Lo scorso 18 febbraio hanno annunciato la loro adesione a Italia Viva il senatore Tommaso Cerno, transfuga dal PD, e la deputata Michela Rostan, che abbandona addirittura Liberi e Uguali (LEU). Esultano i sostenitori di Renzi perché Italia Viva porta a 18 il numero dei senatori ed a 30 quello dei deputati, in barba a chi ne profetizzava la diaspora.
Difficile cogliere il senso di questi trasferimenti: si potrebbero, con molta buona volontà, comprendere sia l’abbandono del PD, oggi accusato di troppa arrendevolezza nei confronti del M5S, sia quello di LEU, la cui sopravvivenza è incerta. Non si comprende invece perché queste giustificabili defezioni vadano a rafforzare il partito più irrequieto della coalizione di governo.

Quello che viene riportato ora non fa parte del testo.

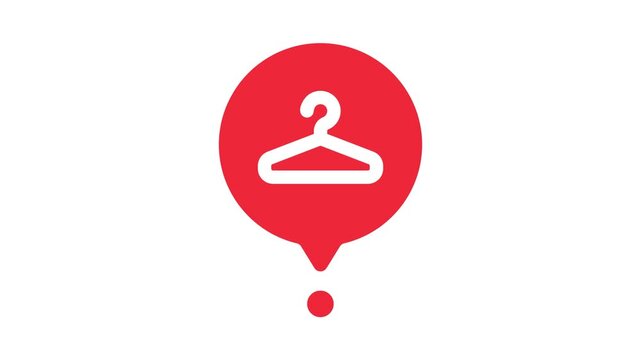 Red map location pin icon with white clothes hanger symbol isolated on white background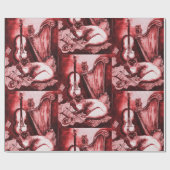 MUSIK MAKING CAT,EIG,Musikinstrumente rot weiß Geschenkpapier (Flach)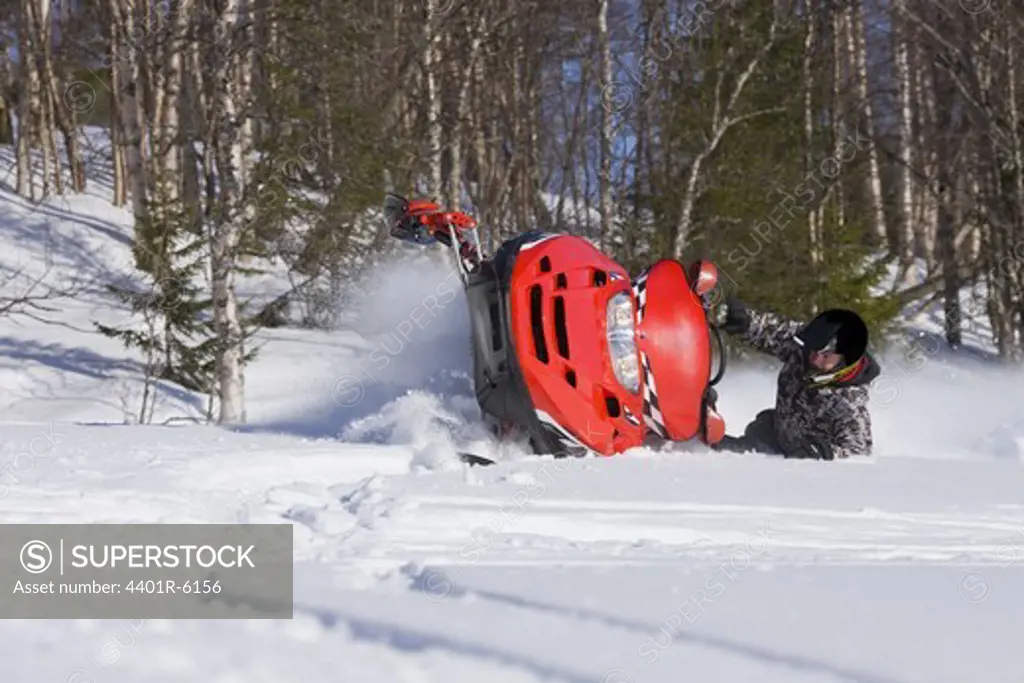 Snowmobile, Jamtland, Sweden.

Ci fosse una qualche ideologia, che so, ambientalista o pacifista, si potrebbe concepire una forma di folgorazione sulla via di Damasco, ma Italia Viva sembra distante da qualunque ideologia. Che la cosa sia potuta avvenire per valutazioni di opportunità politica rimane arduo da decifrare: possibile che siano stati indotti all’adesione dalla posizione oltranzista di Italia Viva sulla riforma della prescrizione? Sembra improbabile: oltretutto sia Cerno che Rostan pare non abbiano alcun interesse personale in fatti giudiziari. Altri obbiettivi o progetti politici capaci di suscitare repentine adesioni non ne vediamo.

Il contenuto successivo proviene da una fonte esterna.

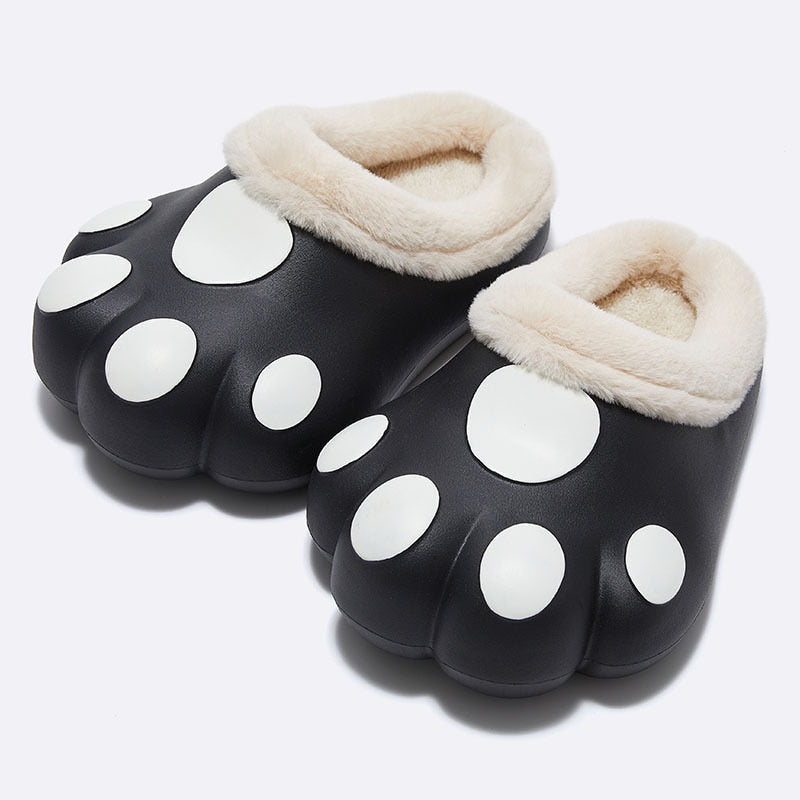 Plush Cat Paw Slippers with Fleece Lining – Cozy Winter House Shoes for Women & Men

D’altra parte non si spiegano neppure le precedenti conversioni di parlamentari provenienti, per esempio, da Forza Italia perché un partito che oggi sfiora nei sondaggi appena il 4% non può rappresentare un’àncora di salvezza nemmeno per i deputati più sprovveduti, figuriamoci poi per chi si è fatto le ossa nel partito di Berlusconi: costoro, che ingenui non sono, avranno certamente considerato che alle prossime elezioni, anche se volessimo accreditare Italia Viva di un generoso 4% (sempre che non si approvi lo sbarramento al 5% e alla luce della probabile riduzione del numero dei parlamentari), il partito di Renzi porterebbe in Parlamento solo 8 senatori e 16 deputati, lasciando a casa ben 10 senatori e 14 deputati. Non riuscendo ad intravedere ragioni specifiche per dare un senso a queste né alle adesioni guadagnate all’atto della fondazione del nuovo partito, non ci resta che pensare a motivazioni di tipo tattico, cioè alla previsione di alleanze, unificazioni, scioglimenti, al momento puramente ipotetici, che permetterebbero a Renzi di tornare sulla scena politica in una veste più consona ai suoi sogni di gloria. Ma questo scopo può mai apparire realizzabile a personaggi politici raziocinanti? Ragionevolmente no. E allora dobbiamo ritenere che le adesioni a Italia Viva non siano un fatto razionale, ma si collochino nella sfera della fede: fede incondizionata nelle capacità demiurgiche di Renzi. E infatti il renzismo altro non è che una “religione”, con la sua liturgia ed i suoi riti (la Leopolda!) celebrati da quel “gran sacerdote” che è Matteo Renzi. Una “religione” che contempla anche reincarnazioni e resurrezioni: quella di Renzi si incarnerebbe volentieri in una monarchia assoluta o, bontà sua, costituzionale. Qualcosa di molto simile ai “pieni poteri” rivendicati dal Salvini sovranista. Non a caso Eugenio Scalfari, intervistato da Floris su La7 la sera del 18 febbraio circa il progetto politico di Renzi, ha proclamato semplicemente: “Renzi vuole fare il re.” E con ciò il decano del giornalismo italiano ha dimostrato come a novantasei anni si possa essere ancora così lucidi da cambiare idea su un leader politico al quale aveva accordato, sia pure in via provvisoria, una incauta apertura di credito. La sera successiva, sempre su La7, Bersani ha ribadito il concetto alla Gruber chiarendo che “il programma politico di Renzi è Renzi”: prospettiva che evidentemente ha un suo inesplicabile fascino.